Once the line containing "Sudadera con capucha" is found in the records below, return it and each following line exactly, up to and including the line containing "Women's British-style FitiqueFit", and nothing else.

Information shown
━━━━
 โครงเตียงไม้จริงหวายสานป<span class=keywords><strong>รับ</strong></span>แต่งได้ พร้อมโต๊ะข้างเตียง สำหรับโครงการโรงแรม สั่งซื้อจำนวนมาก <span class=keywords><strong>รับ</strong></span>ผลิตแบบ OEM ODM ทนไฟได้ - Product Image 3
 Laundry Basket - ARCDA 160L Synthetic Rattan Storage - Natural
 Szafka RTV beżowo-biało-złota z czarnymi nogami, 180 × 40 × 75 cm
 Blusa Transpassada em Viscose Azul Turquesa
━━━━
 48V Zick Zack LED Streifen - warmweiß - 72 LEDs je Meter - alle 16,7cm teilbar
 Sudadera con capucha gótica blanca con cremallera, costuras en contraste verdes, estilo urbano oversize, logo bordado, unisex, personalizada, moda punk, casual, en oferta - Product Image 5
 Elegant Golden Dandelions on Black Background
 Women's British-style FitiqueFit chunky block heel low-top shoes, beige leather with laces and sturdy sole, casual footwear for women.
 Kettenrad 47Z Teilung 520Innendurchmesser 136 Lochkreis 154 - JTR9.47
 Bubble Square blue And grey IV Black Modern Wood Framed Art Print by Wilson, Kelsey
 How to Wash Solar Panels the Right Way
━━━━
Your solution
 Sudadera con capucha gótica blanca con cremallera, costuras en contraste verdes, estilo urbano oversize, logo bordado, unisex, personalizada, moda punk, casual, en oferta - Product Image 5
 Elegant Golden Dandelions on Black Background
 Women's British-style FitiqueFit chunky block heel low-top shoes, beige leather with laces and sturdy sole, casual footwear for women.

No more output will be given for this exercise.